Re: AW: extract links problem with parse-html plugin

Posted by Po...@acocon.de.

Hi Guenter,

the site I have trouble with is

http://www.dmgbielefeld.de/de,dmg,dmg-bielefeld

Some links of the site will be extracted but up to 80% not. I have switched
the JavaScript plugin on.

My be, can you take a look...

That would help me...

"Guenter, Matthias" <Ma...@ipi.ch> wrote on 17.02.2006 09:04:12:

> Hi Elwin
> Can you provide samples of not working links and code? And put it into
JIRA?
> Kind regards
> Matthias
>
>
>
> -----Ursprüngliche Nachricht-----
> Von: Elwin [mailto:maoyuxin@gmail.com]
> Gesendet: Fr 17.02.2006 08:51
> An: nutch-user@lucene.apache.org
> Betreff: extract links problem with parse-html plugin
>
> It seems that the parse-html plguin may not process many pages well,
because
> I have found that the plugin can't extract all valid links in a page when
I
> test it in my code.
> I guess that it may be caused by the style of a html page? When I "view
> source" of a html page I used to parse, I saw that some elements in the
> source are segmented by some unrequired spaces. However, the situation is
> quiet often to the pages of large portal sites or news sites.

AW: extract links problem with parse-html plugin

Posted by "Guenter, Matthias" <Ma...@ipi.ch>.

Hi Elwin
Can you provide samples of not working links and code? And put it into JIRA?
Kind regards
Matthias



-----Ursprüngliche Nachricht-----
Von: Elwin [mailto:maoyuxin@gmail.com]
Gesendet: Fr 17.02.2006 08:51
An: nutch-user@lucene.apache.org
Betreff: extract links problem with parse-html plugin
 
It seems that the parse-html plguin may not process many pages well, because
I have found that the plugin can't extract all valid links in a page when I
test it in my code.
I guess that it may be caused by the style of a html page?
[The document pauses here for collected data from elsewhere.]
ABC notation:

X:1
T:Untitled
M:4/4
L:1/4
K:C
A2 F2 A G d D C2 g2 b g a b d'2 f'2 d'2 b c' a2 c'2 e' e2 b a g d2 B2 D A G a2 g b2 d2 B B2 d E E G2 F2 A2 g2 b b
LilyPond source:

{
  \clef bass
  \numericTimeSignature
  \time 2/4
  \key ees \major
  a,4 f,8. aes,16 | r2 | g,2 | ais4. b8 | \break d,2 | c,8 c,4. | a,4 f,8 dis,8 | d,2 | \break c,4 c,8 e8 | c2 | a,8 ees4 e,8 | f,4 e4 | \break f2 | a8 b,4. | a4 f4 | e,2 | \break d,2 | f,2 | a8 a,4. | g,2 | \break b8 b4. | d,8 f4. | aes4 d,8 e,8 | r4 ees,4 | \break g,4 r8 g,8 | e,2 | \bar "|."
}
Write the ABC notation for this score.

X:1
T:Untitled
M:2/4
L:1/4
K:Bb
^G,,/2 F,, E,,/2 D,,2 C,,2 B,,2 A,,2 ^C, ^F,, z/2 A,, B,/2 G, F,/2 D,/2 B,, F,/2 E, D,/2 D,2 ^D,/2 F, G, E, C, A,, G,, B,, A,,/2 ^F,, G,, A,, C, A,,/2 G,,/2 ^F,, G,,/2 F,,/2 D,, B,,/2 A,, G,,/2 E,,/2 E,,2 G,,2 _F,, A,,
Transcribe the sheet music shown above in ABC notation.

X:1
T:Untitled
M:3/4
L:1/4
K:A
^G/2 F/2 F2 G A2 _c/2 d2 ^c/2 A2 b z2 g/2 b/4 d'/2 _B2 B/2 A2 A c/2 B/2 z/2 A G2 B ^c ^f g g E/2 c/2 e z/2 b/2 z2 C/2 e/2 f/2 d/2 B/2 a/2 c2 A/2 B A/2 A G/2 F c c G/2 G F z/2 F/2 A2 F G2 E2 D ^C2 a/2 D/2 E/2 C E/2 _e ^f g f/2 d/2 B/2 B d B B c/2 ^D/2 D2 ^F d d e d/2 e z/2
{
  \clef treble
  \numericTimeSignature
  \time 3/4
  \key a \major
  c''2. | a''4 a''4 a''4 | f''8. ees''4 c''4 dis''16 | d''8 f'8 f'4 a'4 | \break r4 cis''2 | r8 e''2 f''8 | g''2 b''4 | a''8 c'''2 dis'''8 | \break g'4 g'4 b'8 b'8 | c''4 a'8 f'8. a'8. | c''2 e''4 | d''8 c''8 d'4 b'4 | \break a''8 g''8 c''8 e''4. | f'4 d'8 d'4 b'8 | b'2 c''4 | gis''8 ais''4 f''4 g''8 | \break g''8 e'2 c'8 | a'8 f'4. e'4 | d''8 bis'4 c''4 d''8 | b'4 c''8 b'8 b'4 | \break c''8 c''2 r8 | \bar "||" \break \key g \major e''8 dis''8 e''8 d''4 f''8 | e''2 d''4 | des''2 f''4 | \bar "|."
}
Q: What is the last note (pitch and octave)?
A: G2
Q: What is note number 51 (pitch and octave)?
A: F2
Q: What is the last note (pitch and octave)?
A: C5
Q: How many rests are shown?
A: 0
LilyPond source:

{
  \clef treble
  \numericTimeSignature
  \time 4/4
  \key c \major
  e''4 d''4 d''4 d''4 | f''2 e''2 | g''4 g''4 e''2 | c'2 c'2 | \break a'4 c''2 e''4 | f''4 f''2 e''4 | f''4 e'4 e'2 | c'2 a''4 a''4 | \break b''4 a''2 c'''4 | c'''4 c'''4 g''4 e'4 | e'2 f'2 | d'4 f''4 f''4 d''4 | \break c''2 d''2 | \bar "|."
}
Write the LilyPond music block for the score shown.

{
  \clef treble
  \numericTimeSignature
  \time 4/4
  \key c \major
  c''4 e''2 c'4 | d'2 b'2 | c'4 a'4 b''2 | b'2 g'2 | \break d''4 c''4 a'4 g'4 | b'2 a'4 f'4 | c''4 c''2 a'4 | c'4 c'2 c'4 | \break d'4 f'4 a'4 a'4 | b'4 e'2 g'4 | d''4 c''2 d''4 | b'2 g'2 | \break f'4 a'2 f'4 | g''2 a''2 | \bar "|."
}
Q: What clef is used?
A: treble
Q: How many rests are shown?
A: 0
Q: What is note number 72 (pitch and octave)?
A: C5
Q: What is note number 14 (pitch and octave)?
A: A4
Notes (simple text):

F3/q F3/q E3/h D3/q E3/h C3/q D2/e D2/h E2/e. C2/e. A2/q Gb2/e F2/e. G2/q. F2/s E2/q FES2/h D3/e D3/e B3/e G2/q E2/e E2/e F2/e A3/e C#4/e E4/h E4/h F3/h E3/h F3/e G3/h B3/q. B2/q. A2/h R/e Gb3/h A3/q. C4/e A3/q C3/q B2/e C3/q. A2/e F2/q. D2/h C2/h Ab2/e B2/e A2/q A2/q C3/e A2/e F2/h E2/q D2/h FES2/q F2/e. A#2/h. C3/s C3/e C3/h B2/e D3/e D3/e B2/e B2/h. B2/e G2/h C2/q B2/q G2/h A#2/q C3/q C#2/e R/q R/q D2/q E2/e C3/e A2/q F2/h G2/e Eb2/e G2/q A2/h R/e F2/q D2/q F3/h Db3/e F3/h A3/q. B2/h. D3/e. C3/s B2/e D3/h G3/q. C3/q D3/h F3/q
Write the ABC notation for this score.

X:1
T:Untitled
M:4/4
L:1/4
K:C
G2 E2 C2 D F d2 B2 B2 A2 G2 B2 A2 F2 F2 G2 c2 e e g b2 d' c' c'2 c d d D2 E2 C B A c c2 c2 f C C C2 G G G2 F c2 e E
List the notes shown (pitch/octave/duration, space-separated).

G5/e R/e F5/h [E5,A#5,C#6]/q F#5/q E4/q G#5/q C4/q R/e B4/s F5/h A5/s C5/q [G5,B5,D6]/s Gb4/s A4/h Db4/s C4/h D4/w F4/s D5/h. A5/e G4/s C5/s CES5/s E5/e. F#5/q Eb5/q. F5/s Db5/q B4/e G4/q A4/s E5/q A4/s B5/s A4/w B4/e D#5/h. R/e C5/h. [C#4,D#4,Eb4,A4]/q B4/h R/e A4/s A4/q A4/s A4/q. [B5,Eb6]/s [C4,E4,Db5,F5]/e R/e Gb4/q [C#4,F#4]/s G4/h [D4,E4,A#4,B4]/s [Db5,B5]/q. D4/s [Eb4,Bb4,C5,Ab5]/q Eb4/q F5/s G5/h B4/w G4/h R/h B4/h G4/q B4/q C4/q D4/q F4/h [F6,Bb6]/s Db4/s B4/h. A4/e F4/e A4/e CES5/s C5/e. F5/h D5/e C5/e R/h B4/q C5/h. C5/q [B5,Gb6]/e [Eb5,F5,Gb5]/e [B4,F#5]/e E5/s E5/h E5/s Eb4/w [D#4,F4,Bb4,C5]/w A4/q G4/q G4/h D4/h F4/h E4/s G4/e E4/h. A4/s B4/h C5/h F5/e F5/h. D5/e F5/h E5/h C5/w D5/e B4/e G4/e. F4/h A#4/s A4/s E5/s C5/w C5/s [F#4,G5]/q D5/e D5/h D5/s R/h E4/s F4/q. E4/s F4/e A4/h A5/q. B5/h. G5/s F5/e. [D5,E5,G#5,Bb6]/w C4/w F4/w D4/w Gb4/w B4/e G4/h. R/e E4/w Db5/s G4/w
When I "view
source" of a html page I used to parse, I saw that some elements in the
source are segmented by some unrequired spaces. However, the situation is
quiet often to the pages of large portal sites or news sites.

Re: extract links problem with parse-html plugin

Posted by Po...@acocon.de.

I determined the same.

With my Site is the HTML source 160 kByte per Page largely.
The Parser has here definitely problems (whether Javascript on a side is
used or not).

Before my decision for Nutch  I tested the Java/Lucene based open source
solution Oxygen ( http://sourceforge.net/projects/oxyus/ ).  Here the
Parser does not have problems with the Site.

I am not a developer, perhaps one of the nutch developers may throw a view
in into the source code of the Parser used there.

Perhaps it helps.



Elwin <ma...@gmail.com> wrote on 17.02.2006 08:51:06:

> It seems that the parse-html plguin may not process many pages well,
because
> I have found that the plugin can't extract all valid links in a page when
I
> test it in my code.
> I guess that it may be caused by the style of a html page? When I "view
> source" of a html page I used to parse, I saw that some elements in the
> source are segmented by some unrequired spaces. However, the situation is
> quiet often to the pages of large portal sites or news sites.